[ABOUT THIS TASK]
Below are entries. Copy exactly the lines running from the line that holds "SERIE PLATINA - 04 - VIDA ANIMAL_2" to the line that holds "En el día del árbol", with both ends included.

[RAW DATA]
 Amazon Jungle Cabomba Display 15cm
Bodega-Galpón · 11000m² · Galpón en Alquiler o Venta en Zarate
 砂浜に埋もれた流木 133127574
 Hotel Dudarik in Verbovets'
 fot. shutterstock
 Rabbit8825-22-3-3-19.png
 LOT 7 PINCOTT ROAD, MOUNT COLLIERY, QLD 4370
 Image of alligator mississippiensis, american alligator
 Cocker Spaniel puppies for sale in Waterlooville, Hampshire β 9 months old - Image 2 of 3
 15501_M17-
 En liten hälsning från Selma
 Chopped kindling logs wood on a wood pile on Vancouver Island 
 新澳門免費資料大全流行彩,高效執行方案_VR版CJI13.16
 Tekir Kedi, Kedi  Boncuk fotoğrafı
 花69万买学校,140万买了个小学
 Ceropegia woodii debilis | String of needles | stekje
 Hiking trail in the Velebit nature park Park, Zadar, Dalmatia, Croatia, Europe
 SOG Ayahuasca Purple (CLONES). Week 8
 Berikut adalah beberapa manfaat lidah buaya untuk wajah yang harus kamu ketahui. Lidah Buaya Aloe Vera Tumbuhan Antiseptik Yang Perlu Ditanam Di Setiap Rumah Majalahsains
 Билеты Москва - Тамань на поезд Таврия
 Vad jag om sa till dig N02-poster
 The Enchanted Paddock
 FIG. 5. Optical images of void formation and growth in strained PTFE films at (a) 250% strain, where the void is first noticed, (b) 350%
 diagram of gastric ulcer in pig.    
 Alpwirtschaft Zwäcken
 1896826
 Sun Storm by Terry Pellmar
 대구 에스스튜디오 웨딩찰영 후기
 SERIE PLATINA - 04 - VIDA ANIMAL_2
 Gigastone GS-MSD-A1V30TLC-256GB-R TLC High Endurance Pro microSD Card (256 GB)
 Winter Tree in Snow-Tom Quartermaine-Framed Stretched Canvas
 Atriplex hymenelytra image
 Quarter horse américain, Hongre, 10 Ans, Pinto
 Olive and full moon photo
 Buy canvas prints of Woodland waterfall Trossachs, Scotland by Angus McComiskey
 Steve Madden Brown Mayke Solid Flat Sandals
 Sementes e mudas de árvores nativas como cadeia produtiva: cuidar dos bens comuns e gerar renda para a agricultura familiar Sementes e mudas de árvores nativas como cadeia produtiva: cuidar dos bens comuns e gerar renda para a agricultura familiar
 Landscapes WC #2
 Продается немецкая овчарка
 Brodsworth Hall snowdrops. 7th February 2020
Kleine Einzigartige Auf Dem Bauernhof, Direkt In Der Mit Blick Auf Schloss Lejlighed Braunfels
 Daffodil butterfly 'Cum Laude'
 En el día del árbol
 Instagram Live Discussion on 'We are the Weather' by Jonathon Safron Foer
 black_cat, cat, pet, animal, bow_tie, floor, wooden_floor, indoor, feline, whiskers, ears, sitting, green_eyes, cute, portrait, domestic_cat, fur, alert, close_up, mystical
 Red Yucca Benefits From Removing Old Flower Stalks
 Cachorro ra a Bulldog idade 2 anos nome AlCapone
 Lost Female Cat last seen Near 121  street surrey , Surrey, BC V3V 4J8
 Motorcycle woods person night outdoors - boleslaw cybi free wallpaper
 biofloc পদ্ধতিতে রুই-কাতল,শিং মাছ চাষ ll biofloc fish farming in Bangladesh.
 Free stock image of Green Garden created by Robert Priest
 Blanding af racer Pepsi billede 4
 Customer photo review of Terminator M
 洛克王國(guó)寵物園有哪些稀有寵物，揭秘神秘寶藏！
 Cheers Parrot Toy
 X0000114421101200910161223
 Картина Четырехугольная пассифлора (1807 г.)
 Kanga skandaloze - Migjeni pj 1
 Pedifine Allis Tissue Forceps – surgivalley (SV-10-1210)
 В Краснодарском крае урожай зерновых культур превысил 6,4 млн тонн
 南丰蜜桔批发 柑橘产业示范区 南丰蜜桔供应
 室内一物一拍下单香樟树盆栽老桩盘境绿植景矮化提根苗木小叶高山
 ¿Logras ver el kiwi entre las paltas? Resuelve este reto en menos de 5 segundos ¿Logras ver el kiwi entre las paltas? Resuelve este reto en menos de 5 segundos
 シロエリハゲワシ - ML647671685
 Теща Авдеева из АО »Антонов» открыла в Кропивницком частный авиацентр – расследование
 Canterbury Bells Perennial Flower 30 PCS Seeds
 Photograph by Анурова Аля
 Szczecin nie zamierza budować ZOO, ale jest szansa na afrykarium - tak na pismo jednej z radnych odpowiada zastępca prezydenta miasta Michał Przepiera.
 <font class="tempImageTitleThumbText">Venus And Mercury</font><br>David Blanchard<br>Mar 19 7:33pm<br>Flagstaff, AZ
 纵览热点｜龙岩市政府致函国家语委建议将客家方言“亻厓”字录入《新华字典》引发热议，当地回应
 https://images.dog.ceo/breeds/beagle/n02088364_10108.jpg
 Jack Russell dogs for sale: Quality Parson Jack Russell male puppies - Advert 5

[ANSWER BOX]
 SERIE PLATINA - 04 - VIDA ANIMAL_2
 Gigastone GS-MSD-A1V30TLC-256GB-R TLC High Endurance Pro microSD Card (256 GB)
 Winter Tree in Snow-Tom Quartermaine-Framed Stretched Canvas
 Atriplex hymenelytra image
 Quarter horse américain, Hongre, 10 Ans, Pinto
 Olive and full moon photo
 Buy canvas prints of Woodland waterfall Trossachs, Scotland by Angus McComiskey
 Steve Madden Brown Mayke Solid Flat Sandals
 Sementes e mudas de árvores nativas como cadeia produtiva: cuidar dos bens comuns e gerar renda para a agricultura familiar Sementes e mudas de árvores nativas como cadeia produtiva: cuidar dos bens comuns e gerar renda para a agricultura familiar
 Landscapes WC #2
 Продается немецкая овчарка
 Brodsworth Hall snowdrops. 7th February 2020
Kleine Einzigartige Auf Dem Bauernhof, Direkt In Der Mit Blick Auf Schloss Lejlighed Braunfels
 Daffodil butterfly 'Cum Laude'
 En el día del árbol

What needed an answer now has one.